When it’s in front of you, it’s extremely compelling; like an exotic animal, it’s art. This guy stalked around the stage as different personas for an hour, for each song, illustrated a different “animal”, a blend of effects he physically created. This was educational for me, because you read anecdotes from people talking about the “physical presence” of a famous or historical person, and you think it’s hyperbole - it’s not. Some people on the planet have what I might call an “extroverted kinesthetic high I.Q.”, and awareness of what their physicality is conveying in conjunction with being able to manipulate it for effect. When people talk about Bill Clinton’s “personal charisma”, or Elvis’ “charm” - as if it’s something you don’t know, they’re saying it because they realize perhaps it really is something you don’t know. 
Just like having a high musical I.Q., or verbal intelligence, I think this can be a phenomena that is a top-percentile bracket that one just does not commonly experience. In turn, being aware of such a thing could be completely off your radar. 
In this sense I think seeing Bowie live is actually something akin to seeing history in front of you: a rare, unique individual. I can imagine how someone with this subtle control of personal affect could become famous in other ways, for better or worse. He used it to maximal effect for art. 
Two (yes, I remember I wrote “two things”) - that character-induced effort to control facial musculature was having an impact on his vocal delivery. 
It sounds silly, but when you talk with a smile on your face you sound different, even if you think you are being neutral in your delivery, than if you frown. With Bowie, jutting out the angle of his chin, holding it there, or holding a sideways frown - while singing imparted a subtlety to the sound of the delivery. It yielded the conviction required to sell the character. It imbued color and character.
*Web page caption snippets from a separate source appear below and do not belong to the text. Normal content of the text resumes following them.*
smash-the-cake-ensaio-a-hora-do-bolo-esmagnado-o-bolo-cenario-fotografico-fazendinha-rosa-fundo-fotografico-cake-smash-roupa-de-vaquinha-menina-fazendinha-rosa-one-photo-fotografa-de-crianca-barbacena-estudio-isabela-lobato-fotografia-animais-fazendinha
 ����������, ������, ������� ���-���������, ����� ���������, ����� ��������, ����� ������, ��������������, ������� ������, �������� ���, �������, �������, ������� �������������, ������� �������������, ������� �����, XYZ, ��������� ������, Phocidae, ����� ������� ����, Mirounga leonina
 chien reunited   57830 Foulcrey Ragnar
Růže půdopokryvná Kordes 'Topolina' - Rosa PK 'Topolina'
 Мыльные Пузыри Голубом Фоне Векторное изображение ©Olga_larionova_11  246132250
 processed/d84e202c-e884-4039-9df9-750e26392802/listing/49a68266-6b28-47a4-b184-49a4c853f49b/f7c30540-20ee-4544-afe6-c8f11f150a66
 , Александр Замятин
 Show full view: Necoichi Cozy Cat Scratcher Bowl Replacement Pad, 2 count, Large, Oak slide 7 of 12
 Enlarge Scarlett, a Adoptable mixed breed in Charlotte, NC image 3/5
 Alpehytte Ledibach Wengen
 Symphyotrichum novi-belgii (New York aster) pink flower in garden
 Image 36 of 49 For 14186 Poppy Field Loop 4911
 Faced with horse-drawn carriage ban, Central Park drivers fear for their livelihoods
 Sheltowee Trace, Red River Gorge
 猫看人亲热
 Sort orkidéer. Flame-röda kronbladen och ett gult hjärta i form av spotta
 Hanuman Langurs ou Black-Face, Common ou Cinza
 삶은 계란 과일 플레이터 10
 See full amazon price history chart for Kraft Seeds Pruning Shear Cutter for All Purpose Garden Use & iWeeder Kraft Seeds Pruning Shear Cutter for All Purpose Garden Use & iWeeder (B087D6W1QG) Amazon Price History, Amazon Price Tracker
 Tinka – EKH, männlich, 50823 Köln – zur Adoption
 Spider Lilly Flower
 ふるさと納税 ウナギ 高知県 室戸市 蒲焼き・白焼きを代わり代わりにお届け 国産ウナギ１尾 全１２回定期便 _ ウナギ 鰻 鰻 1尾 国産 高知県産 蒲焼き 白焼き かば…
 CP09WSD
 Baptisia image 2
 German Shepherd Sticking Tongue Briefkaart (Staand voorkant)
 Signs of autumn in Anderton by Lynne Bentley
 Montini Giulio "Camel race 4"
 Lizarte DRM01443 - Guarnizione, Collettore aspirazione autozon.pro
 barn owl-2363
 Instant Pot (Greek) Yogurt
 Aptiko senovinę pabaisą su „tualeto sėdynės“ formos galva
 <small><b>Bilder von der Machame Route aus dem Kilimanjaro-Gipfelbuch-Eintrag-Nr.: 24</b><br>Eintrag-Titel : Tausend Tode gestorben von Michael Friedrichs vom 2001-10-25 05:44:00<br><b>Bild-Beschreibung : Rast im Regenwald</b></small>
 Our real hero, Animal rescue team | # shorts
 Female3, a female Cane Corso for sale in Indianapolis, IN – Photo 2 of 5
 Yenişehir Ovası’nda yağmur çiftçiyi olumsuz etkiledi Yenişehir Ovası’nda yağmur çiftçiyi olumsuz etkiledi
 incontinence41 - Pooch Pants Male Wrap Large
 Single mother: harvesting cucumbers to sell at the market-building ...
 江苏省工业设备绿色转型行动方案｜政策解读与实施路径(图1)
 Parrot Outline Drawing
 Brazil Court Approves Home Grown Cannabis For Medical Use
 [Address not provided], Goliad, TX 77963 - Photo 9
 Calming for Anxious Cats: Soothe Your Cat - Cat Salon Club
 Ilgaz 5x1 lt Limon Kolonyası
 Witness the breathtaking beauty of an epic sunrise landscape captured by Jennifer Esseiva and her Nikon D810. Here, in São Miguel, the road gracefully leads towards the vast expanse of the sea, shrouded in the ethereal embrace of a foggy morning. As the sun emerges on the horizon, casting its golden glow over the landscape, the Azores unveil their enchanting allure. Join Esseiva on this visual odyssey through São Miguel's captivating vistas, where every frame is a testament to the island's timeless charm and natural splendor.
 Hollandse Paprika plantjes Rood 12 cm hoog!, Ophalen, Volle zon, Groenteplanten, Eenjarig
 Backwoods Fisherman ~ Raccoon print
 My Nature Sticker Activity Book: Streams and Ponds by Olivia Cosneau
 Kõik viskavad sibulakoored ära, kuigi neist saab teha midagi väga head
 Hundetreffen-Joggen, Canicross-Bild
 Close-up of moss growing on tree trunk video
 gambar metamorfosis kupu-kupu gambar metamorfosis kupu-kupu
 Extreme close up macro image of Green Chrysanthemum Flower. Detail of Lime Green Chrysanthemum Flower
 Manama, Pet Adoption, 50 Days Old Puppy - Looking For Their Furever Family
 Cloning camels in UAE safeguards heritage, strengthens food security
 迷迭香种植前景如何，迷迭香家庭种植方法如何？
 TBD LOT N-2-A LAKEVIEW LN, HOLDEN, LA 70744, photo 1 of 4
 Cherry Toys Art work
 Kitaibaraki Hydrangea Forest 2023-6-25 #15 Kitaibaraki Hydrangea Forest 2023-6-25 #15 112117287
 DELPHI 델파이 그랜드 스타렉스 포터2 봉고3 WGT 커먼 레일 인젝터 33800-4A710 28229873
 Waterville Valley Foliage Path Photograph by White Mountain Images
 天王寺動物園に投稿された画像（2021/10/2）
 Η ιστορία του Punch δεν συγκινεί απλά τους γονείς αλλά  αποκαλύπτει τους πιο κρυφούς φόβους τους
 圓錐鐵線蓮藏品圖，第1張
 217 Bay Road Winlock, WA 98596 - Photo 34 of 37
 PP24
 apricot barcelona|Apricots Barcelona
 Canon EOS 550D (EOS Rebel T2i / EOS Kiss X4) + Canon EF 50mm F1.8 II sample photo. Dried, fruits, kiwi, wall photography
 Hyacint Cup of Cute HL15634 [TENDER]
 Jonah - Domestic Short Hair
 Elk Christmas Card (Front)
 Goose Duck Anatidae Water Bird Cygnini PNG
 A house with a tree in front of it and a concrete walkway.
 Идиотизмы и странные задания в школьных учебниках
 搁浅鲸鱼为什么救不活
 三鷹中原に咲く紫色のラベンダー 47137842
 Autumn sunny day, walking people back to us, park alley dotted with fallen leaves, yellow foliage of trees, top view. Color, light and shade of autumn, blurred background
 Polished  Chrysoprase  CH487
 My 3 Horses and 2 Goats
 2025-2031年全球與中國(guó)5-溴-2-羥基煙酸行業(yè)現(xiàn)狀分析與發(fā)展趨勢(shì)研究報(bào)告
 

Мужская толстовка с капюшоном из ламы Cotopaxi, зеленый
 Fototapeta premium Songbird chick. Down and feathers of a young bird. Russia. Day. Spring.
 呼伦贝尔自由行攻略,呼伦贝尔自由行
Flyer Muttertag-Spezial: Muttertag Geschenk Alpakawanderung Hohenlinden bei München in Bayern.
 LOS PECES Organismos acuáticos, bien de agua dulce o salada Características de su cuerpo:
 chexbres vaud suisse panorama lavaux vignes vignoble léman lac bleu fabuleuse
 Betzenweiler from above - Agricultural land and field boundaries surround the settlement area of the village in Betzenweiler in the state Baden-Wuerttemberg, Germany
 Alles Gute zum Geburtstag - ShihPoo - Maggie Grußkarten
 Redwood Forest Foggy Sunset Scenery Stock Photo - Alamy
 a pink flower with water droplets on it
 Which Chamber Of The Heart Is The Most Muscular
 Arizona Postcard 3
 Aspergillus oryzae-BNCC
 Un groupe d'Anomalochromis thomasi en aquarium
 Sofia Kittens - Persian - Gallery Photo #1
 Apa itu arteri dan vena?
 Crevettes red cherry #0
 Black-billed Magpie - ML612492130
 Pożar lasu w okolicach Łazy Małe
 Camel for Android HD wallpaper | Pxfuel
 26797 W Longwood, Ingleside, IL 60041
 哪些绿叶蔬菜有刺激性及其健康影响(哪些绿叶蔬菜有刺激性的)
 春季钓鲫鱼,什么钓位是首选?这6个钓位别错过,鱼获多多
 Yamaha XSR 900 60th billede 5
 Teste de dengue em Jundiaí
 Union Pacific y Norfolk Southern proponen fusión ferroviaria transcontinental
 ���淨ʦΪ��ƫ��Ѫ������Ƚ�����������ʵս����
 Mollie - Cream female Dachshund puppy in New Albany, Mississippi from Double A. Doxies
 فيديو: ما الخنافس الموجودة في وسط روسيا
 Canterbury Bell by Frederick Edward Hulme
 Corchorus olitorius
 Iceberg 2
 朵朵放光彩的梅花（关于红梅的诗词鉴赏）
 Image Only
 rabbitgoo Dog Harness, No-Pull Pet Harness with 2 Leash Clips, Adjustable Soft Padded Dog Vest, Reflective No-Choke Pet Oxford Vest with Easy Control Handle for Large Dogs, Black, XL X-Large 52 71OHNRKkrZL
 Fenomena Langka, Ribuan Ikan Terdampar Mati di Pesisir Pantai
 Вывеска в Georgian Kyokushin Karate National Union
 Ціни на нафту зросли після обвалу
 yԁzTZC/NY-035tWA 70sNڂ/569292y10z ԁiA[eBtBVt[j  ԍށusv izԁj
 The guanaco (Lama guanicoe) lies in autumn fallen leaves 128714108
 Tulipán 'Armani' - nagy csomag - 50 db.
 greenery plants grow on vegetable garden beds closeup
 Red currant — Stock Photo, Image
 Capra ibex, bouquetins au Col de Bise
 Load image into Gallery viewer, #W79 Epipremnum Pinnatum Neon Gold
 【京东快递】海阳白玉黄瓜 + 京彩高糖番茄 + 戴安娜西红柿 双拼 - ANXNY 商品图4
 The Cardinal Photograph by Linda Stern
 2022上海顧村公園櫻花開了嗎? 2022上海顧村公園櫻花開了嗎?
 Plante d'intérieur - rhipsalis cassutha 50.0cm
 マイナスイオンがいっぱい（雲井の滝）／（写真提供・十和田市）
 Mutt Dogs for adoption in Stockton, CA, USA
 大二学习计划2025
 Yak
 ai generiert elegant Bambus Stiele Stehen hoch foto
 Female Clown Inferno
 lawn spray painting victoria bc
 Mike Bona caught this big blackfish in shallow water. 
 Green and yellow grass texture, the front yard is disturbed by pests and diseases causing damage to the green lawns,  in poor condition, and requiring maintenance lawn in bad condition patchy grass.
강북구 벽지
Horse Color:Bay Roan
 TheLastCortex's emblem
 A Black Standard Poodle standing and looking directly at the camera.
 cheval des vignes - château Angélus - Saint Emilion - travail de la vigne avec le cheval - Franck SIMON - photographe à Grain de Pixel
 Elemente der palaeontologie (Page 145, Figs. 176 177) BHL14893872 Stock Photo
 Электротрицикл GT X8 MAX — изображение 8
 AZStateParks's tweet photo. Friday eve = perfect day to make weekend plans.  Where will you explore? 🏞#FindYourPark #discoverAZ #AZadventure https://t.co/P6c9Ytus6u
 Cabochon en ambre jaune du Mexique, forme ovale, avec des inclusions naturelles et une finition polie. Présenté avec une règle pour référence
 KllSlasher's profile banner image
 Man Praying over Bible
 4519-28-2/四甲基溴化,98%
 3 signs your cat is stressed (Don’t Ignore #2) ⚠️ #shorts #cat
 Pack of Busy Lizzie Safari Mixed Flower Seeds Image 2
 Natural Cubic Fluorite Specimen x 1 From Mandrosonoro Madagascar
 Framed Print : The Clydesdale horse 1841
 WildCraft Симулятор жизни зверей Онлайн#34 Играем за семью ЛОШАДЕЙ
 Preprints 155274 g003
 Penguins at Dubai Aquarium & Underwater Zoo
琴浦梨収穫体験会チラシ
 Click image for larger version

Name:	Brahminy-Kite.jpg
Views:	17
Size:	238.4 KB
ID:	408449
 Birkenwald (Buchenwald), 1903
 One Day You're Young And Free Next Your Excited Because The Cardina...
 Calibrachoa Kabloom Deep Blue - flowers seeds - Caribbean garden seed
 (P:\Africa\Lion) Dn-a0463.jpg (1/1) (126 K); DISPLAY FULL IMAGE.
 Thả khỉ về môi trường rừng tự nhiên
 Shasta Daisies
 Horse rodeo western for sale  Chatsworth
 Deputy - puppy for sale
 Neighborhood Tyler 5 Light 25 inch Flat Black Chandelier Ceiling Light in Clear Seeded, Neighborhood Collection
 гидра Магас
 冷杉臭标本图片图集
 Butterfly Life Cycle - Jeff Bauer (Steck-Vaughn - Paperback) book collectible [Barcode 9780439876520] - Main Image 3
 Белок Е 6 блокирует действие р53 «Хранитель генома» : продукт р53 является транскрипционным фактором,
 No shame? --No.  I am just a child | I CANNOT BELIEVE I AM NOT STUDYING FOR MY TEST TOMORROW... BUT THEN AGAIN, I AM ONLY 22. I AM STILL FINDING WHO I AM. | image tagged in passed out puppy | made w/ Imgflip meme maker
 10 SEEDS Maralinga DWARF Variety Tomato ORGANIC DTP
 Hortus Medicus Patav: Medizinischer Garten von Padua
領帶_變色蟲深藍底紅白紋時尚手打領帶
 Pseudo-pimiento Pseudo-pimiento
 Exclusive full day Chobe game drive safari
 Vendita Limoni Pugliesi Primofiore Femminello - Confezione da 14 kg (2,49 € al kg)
Something that is mostly lacking in 21st century vocal delivery, with it’s perfectly-mediocre, staid execution. 
I’m not the biggest Bowie fan, apart from a handful of songs I like greatly. I thought his show would be interesting, but I did not expect captivating. Something akin to enjoying watching Nicholson flip out, or Walken simply be “Walken”, except in 3D in front of you; but with much more potency than is conveyed through secondary media.
It makes me wonder what it’s like to see someone like a De Niro, Dustin Hoffman, 6 feet in front of you in real life portraying a character. Is it a similar potency, that while diluted through a lens still comes across? A thought I would not have pondered prior to seeing - literally - David Bowie.